## Your task
Drop every picture. Return the rest of the entries exactly.
>>>
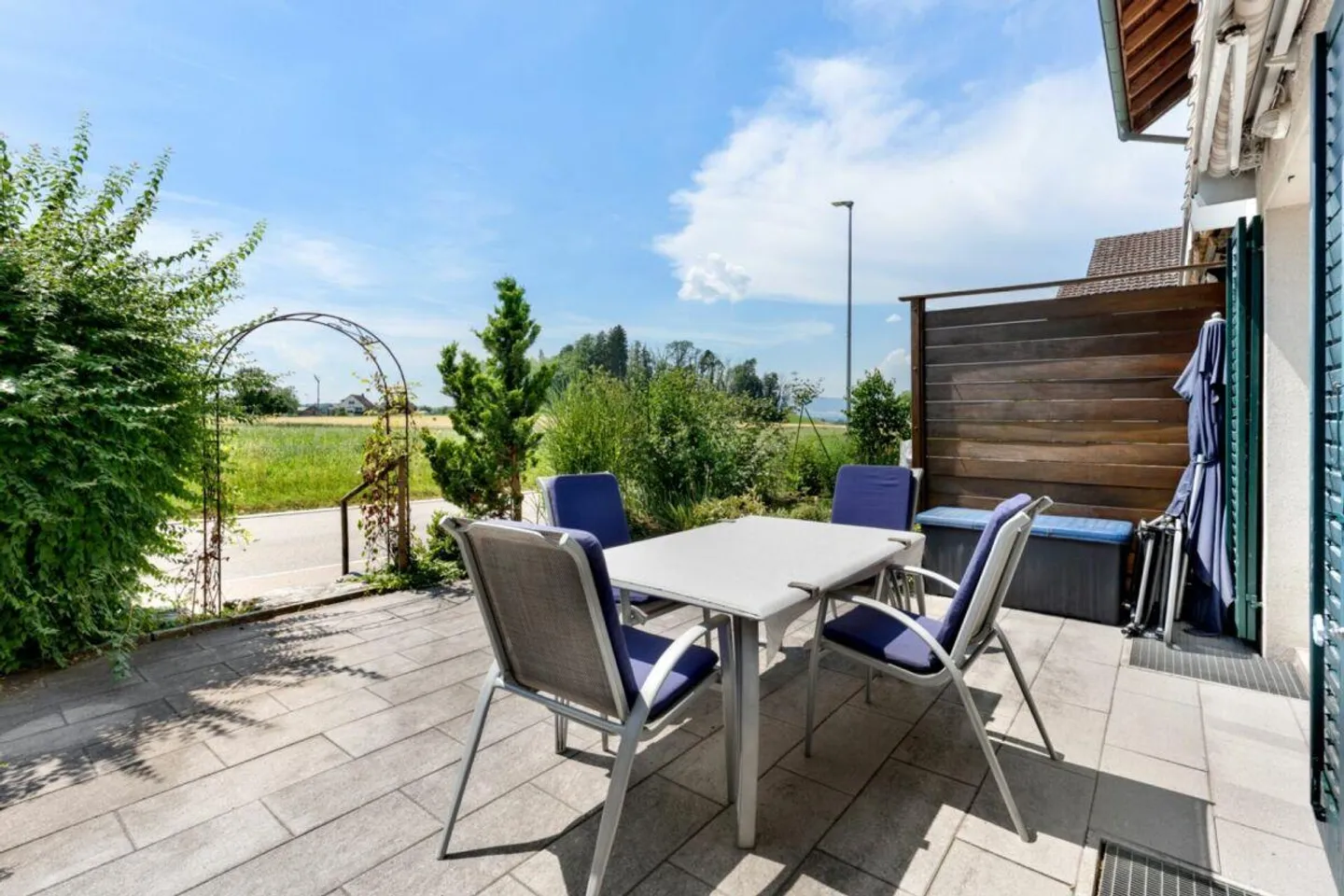 Spacious & Charming House for Your Family - Photo 8 of 20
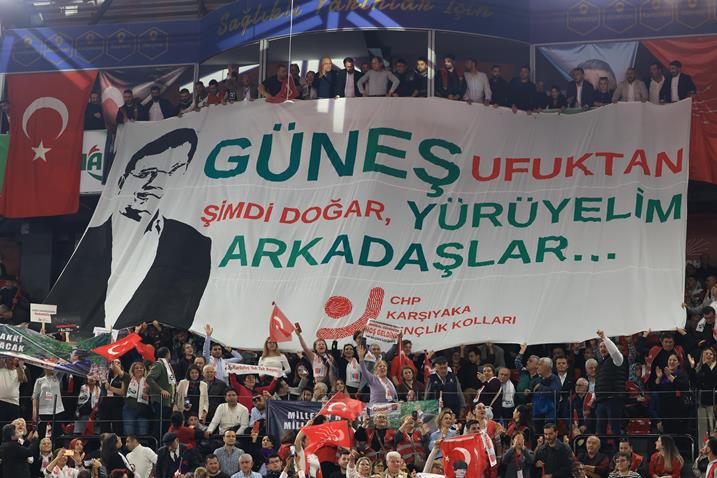 1741449283_b__y__k_yolculuk___zm__r_de_ba__ladi__10_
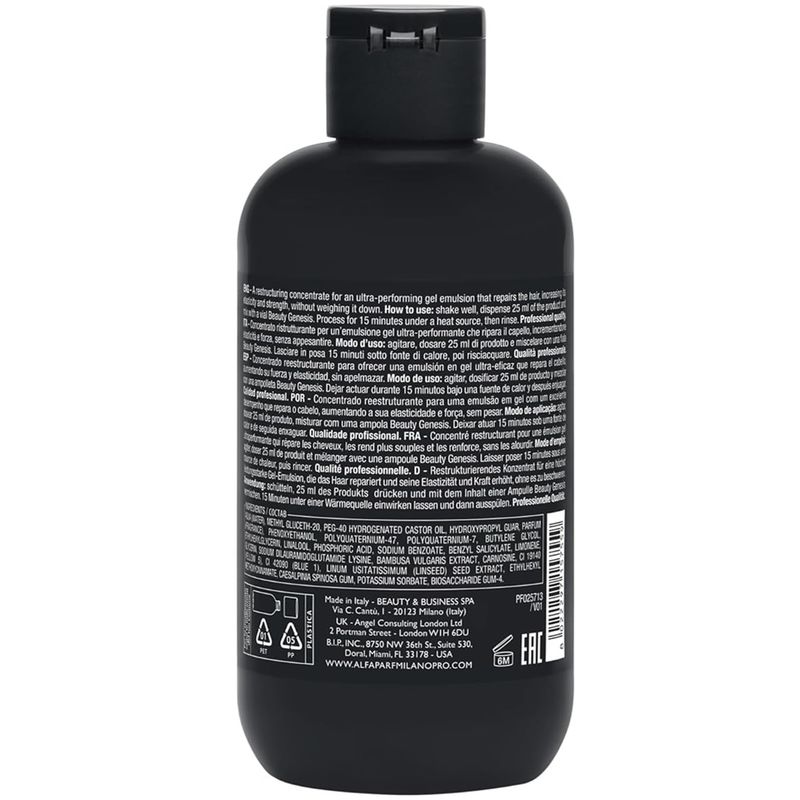 Cellula-Madre-Multiplicador-Reestructurante-Alfaparf-Sublime-150ml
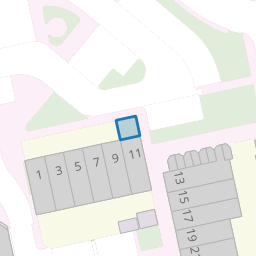 Perceel VKW00-G-4914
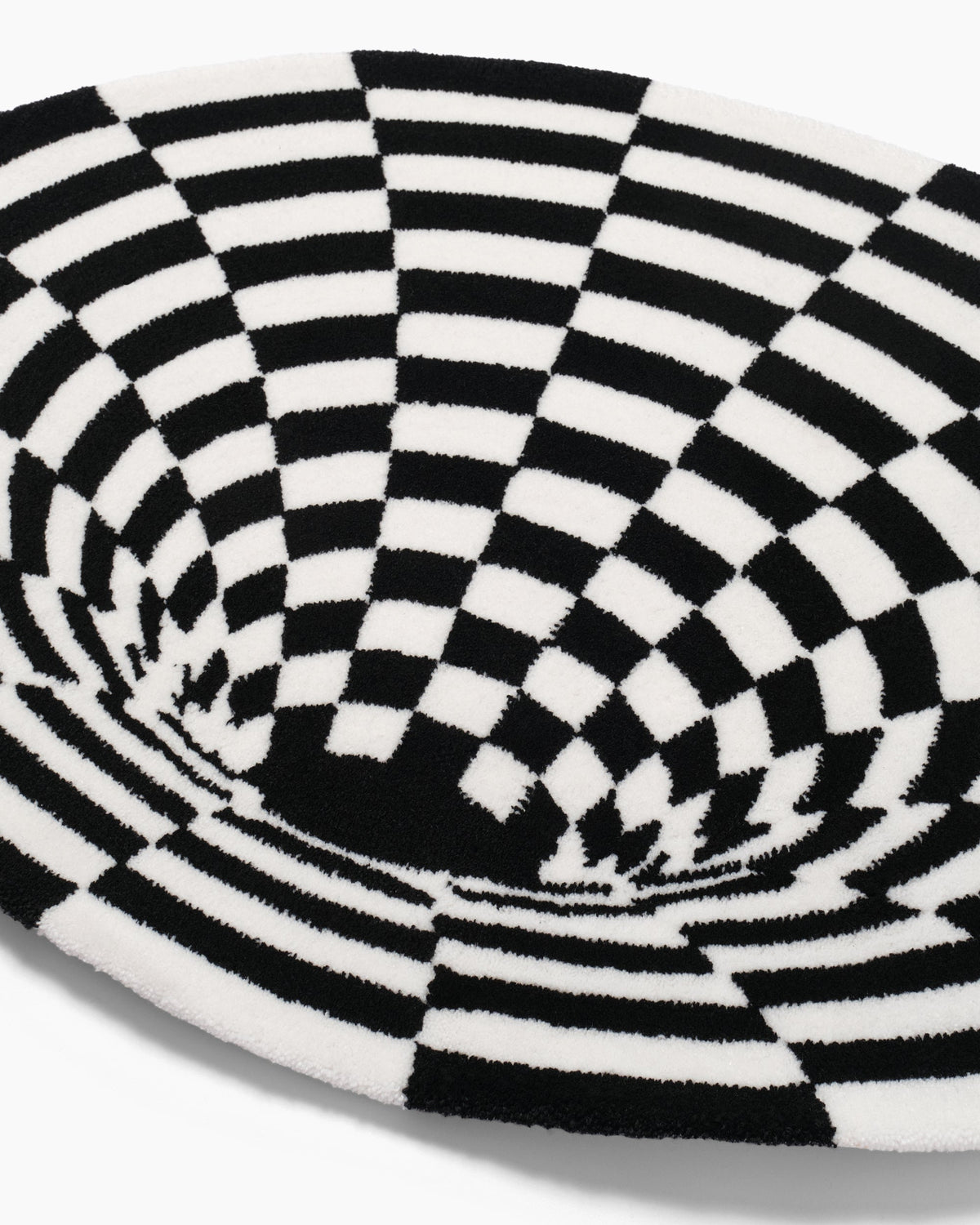 Void Rug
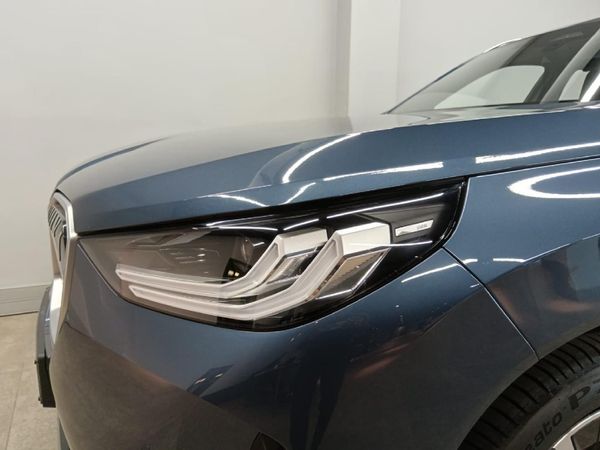 2025-BMW-X3-sDrive-20i-Pure-Design image:7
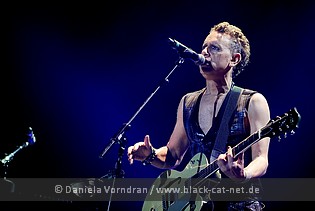 depechemode02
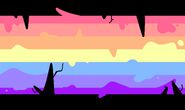 Alternate Axenlector Flag by Tumblr user gendertianguis[1]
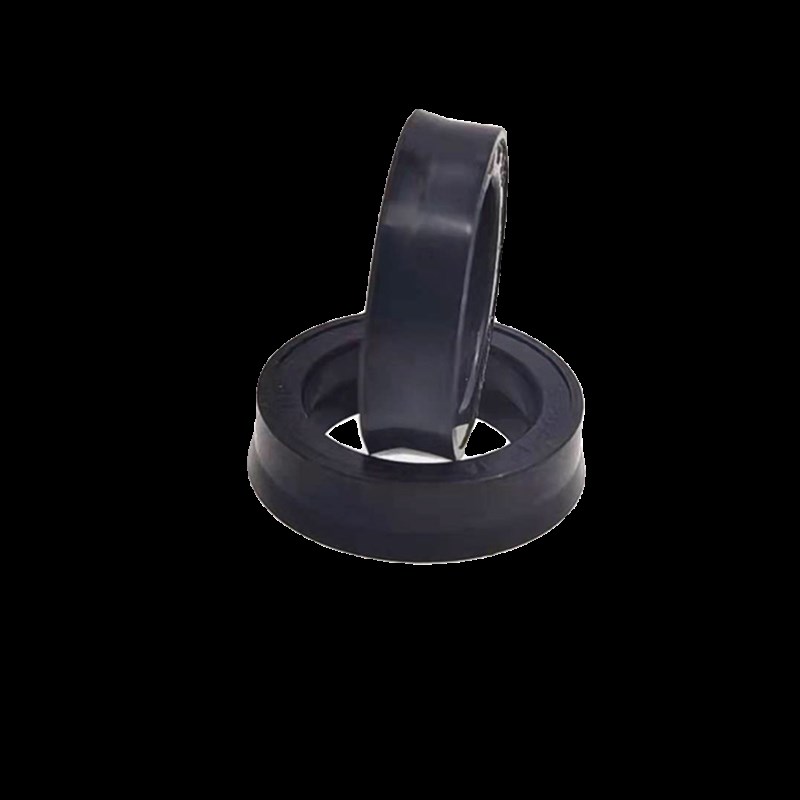 洗车机高压水封ROY10*16*4r 10*16*5 12*18*5*5.1*5.2软水封密封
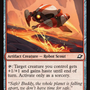 Kavaron Turbodrone [Edge of Eternities]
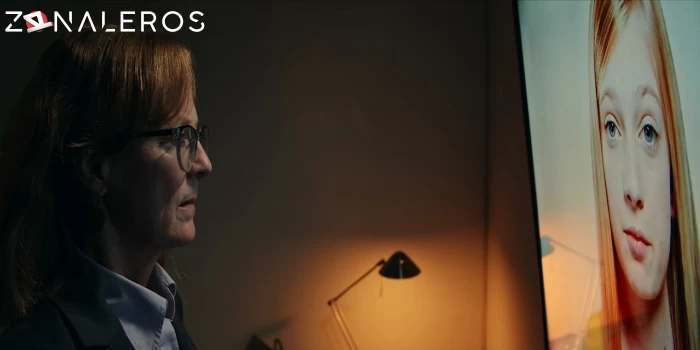 La chica artificial gratis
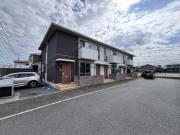 ＪＲ加古川線滝野駅まで徒歩9分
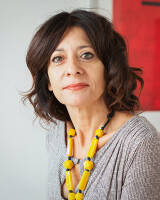 PROFILE_IMAGE_SMALL/ECR8G5nCC68vT50fKfZKF4gCqBShTPS6T8XHLAPm.jpg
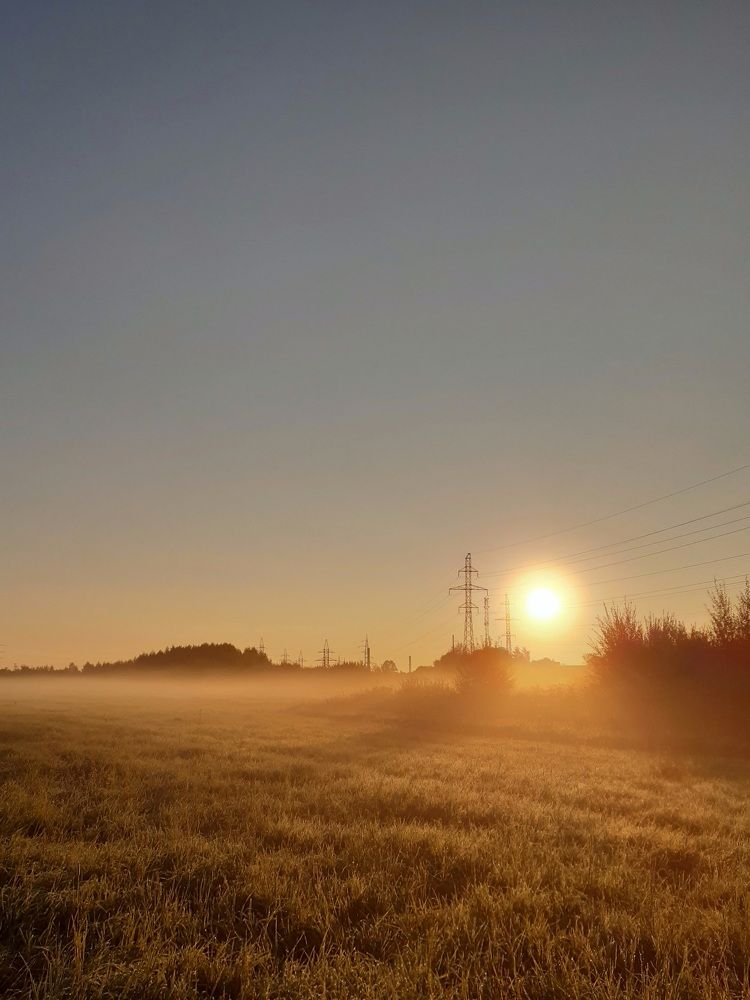 Photograph by Людмила Лаврентьева
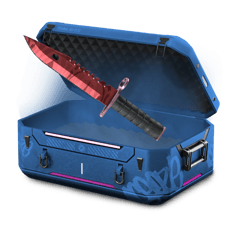 7% GodCase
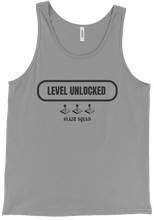 larz36 Tank Top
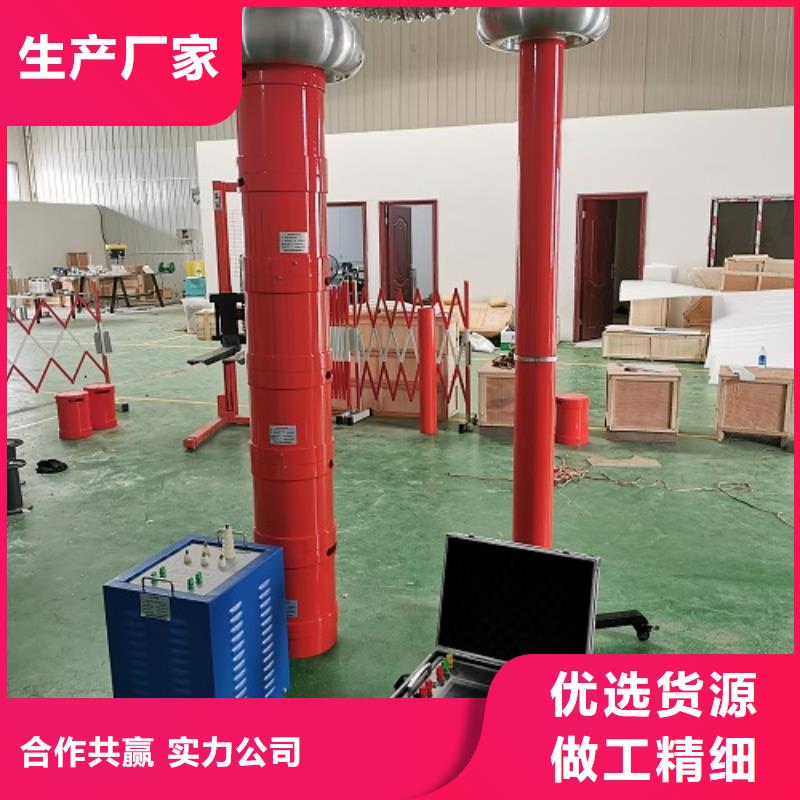 ​电流发生器价格优品质不将就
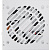   650W Seasonic Core GX-650 ATX 3.1 White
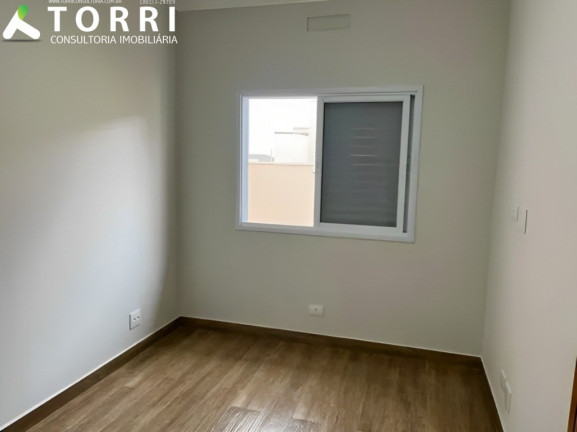 Imagem Imóvel com 3 Quartos à Venda, 150 m² em Portal Ville Flamboyant - Porto Feliz Imagem Imóvel com 3 Quartos à Venda, 150 m² em Portal Ville Flamboyant - Porto Feliz
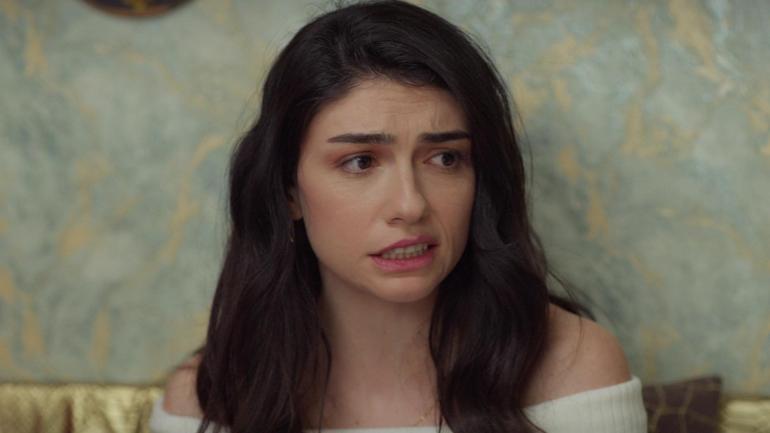 10. Bölüm Özeti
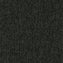 Modulyss Blaze 668 Carpet Tiles - DCTUK
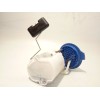 Recambio de bomba combustible para cupra leon (kl1, ku1, kug) 1.5 tsi referencia OEM IAM 5WA919051A  058020001V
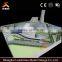 low cost miniature architectural models making service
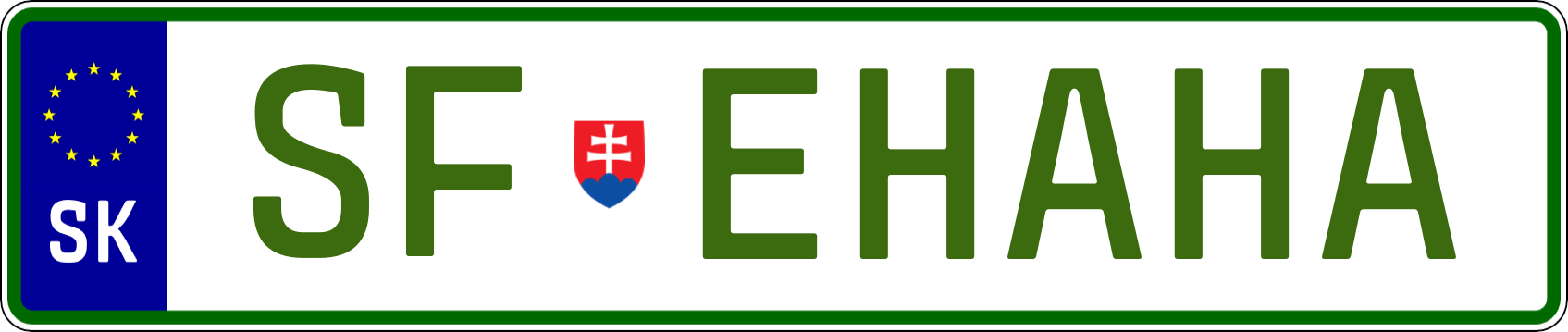 Typ IV - Elektro 1R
<<<
## Output
 Spacious & Charming House for Your Family - Photo 8 of 20
 1741449283_b__y__k_yolculuk___zm__r_de_ba__ladi__10_
 Cellula-Madre-Multiplicador-Reestructurante-Alfaparf-Sublime-150ml
 Perceel VKW00-G-4914
 Void Rug
 2025-BMW-X3-sDrive-20i-Pure-Design image:7
 depechemode02
 Alternate Axenlector Flag by Tumblr user gendertianguis[1]
 洗车机高压水封ROY10*16*4r 10*16*5 12*18*5*5.1*5.2软水封密封
 Kavaron Turbodrone [Edge of Eternities]
 La chica artificial gratis
 ＪＲ加古川線滝野駅まで徒歩9分
 PROFILE_IMAGE_SMALL/ECR8G5nCC68vT50fKfZKF4gCqBShTPS6T8XHLAPm.jpg
 Photograph by Людмила Лаврентьева
 7% GodCase
 larz36 Tank Top
 ​电流发生器价格优品质不将就
   650W Seasonic Core GX-650 ATX 3.1 White
 Imagem Imóvel com 3 Quartos à Venda, 150 m² em Portal Ville Flamboyant - Porto Feliz Imagem Imóvel com 3 Quartos à Venda, 150 m² em Portal Ville Flamboyant - Porto Feliz
 10. Bölüm Özeti
 Modulyss Blaze 668 Carpet Tiles - DCTUK
 Recambio de bomba combustible para cupra leon (kl1, ku1, kug) 1.5 tsi referencia OEM IAM 5WA919051A  058020001V
 low cost miniature architectural models making service
 Typ IV - Elektro 1R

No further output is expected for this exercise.